Data section:
=-=-=
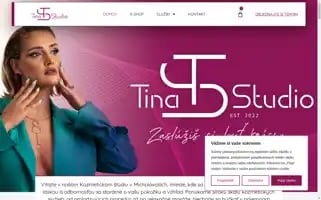 Tinastudio.sk Screenshot 2024-05-25 14:39:52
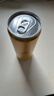 可口可乐（Coca-Cola）怡泉（Schweppes） 汤力水苏打水 汽水饮料 330ml*24罐 实拍图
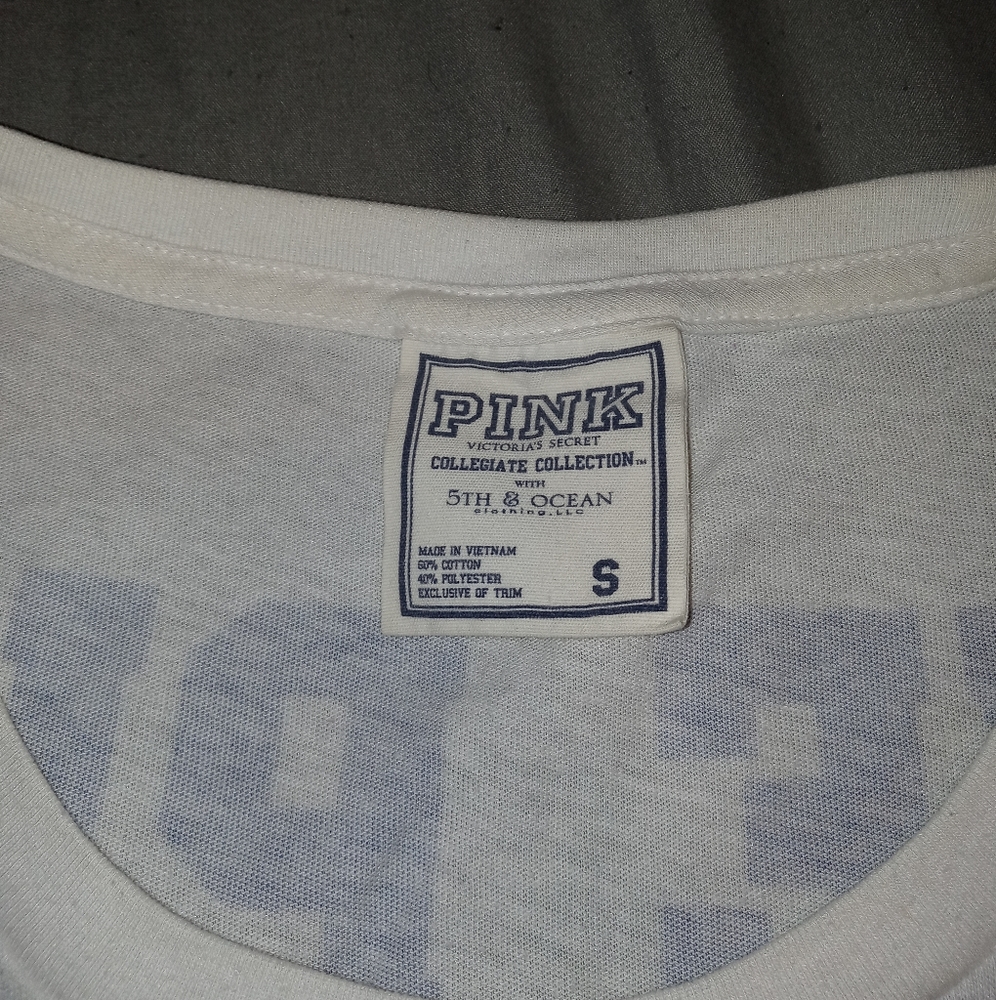 WV shirt - Picture 2 of 6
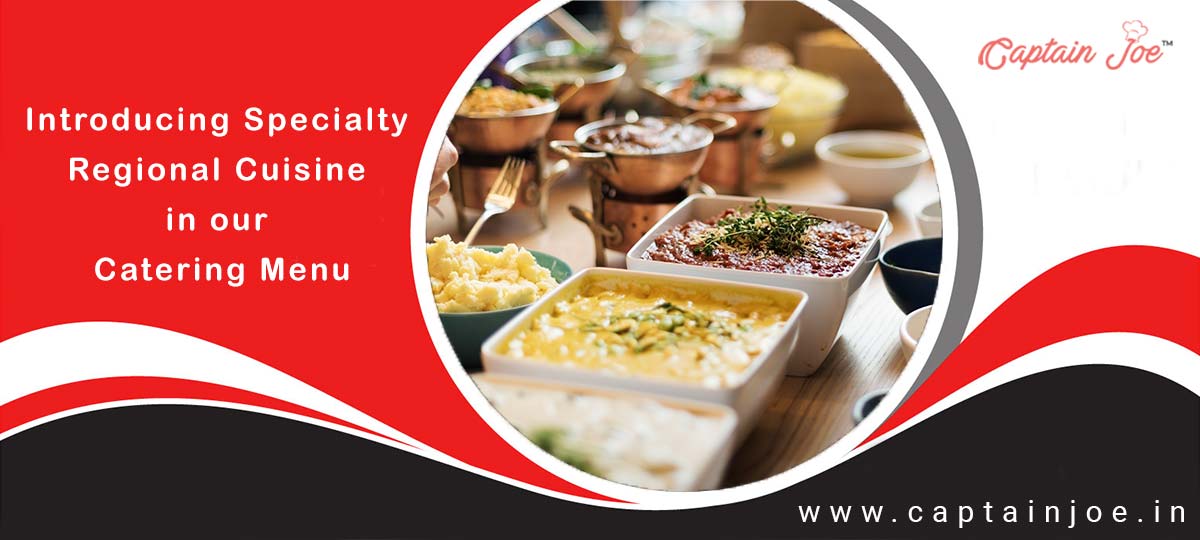 catering-specialists-in-gurgaon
=-=-=
Retype exactly, please, the span from the line holding "WV shirt - Picture 2 of 6" through the closing line of the data, both ends included, without the pictures.

Problem solution:
 WV shirt - Picture 2 of 6
 catering-specialists-in-gurgaon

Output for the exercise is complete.